CapLion has an expansion on this, as do a number of other people from blog to blog.
Bush is not Dumb. Oh no. He is by far one of the most crafty, intelligent politicians of his time. Anyone, which is to say most everyone, who underestimates him is in for surprise after surprise.
Bush knows people think he's the dim bulb in the drawer, and he's using that to a downright amazing advantage at every twist. Remarkable.
I've been wary of the malapropisms-as-proof-of-stupidity thing since 2000, because they seemed to exhibit a major distinction from those of (for instance) Quayle: Quayle's stemmed from a kind of willful ignorance, a seeming goat-skulled insistence on focusing the theses of so many speeches directly on some outrageously incorrect claim or assumption. What a terrible thing it is to lose one's mind.
But Bush's stumblings are more like stuttering. One's mind and mouth travel at slightly different speeds, and the result is a missed shift here and there. I know first-hand that this kind of poor verbal footing is not indicative of lacking mental capacity; I have close friends whose minds, among the most agile I've ever run across, are masked by unfortunately poorly-tuned speech machinery.

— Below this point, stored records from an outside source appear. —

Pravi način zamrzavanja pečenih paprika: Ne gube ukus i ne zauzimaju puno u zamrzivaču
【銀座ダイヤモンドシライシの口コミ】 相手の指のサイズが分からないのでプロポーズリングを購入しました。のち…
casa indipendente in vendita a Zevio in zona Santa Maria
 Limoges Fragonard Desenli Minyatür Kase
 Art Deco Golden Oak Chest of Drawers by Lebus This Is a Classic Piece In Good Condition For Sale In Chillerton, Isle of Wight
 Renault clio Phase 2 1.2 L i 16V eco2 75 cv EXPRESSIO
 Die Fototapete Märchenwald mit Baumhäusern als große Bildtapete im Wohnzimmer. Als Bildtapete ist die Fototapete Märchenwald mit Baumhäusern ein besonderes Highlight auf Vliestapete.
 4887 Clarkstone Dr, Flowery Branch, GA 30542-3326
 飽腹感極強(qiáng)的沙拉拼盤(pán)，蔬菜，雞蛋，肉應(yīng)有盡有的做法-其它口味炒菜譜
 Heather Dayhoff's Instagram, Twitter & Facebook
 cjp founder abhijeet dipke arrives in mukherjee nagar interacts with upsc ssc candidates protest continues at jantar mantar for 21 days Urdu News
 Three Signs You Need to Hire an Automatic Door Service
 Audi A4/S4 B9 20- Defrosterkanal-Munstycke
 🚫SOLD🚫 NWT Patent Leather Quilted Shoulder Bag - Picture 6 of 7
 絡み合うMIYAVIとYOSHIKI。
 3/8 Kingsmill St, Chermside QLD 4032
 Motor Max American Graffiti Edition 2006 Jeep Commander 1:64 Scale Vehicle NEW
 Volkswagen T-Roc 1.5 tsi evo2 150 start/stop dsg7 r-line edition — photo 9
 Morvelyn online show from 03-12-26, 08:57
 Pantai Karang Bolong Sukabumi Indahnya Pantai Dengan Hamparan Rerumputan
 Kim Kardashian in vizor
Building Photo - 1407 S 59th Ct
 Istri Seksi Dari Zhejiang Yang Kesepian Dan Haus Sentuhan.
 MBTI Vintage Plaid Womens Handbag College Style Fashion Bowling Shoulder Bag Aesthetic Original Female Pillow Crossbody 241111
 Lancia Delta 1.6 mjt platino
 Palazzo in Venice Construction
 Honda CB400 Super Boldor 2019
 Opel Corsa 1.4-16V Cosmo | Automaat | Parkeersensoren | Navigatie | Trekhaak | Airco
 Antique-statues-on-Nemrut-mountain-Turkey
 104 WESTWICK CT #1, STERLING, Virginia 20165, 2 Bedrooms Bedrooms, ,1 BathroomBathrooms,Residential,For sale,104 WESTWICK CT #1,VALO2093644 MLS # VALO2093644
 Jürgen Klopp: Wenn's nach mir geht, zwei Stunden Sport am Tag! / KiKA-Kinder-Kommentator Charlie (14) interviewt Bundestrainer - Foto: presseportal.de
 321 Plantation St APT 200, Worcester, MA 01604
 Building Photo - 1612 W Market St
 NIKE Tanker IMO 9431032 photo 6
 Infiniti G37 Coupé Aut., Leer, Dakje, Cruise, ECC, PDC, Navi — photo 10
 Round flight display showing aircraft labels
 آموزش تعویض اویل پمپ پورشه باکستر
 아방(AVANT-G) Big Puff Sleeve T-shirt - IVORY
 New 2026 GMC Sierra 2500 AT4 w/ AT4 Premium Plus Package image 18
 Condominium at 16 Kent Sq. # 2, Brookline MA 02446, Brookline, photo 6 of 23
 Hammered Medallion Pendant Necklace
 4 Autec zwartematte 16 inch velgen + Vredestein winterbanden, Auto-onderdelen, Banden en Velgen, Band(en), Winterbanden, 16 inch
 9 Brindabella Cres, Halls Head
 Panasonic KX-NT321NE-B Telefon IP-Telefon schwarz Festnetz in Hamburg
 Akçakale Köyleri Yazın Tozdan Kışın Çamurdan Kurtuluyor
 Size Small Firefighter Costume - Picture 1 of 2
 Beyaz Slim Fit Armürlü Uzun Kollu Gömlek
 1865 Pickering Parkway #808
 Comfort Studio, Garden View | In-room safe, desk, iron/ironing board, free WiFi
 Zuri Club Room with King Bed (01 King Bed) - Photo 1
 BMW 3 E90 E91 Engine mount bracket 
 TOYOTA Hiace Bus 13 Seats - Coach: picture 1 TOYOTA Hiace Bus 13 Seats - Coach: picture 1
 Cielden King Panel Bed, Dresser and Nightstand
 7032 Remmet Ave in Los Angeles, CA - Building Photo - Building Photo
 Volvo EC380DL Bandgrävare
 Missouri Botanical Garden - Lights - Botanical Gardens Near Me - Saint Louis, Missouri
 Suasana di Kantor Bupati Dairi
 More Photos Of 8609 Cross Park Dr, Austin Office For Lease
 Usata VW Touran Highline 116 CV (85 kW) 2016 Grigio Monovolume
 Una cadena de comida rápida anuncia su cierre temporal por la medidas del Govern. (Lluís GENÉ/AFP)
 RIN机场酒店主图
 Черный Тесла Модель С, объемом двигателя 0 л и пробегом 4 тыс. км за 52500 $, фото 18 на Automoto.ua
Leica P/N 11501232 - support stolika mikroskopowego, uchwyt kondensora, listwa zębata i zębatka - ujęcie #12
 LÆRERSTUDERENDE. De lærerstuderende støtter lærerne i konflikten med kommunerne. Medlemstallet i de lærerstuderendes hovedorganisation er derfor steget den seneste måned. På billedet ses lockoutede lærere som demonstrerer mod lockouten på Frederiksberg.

I know better than to ignore the thoughts in question just because they aren't being delivered with the teflon texture of an Oxford don.
Actions and accomplishments speak reams, and I think those who continue to ridicule Bush for his podium presence alone-- which oddly enough don't even include Matt and Trey (That's My Bush never seemed to play on this aspect of the president's persona)-- are themselves going to look sillier and sillier as time goes on.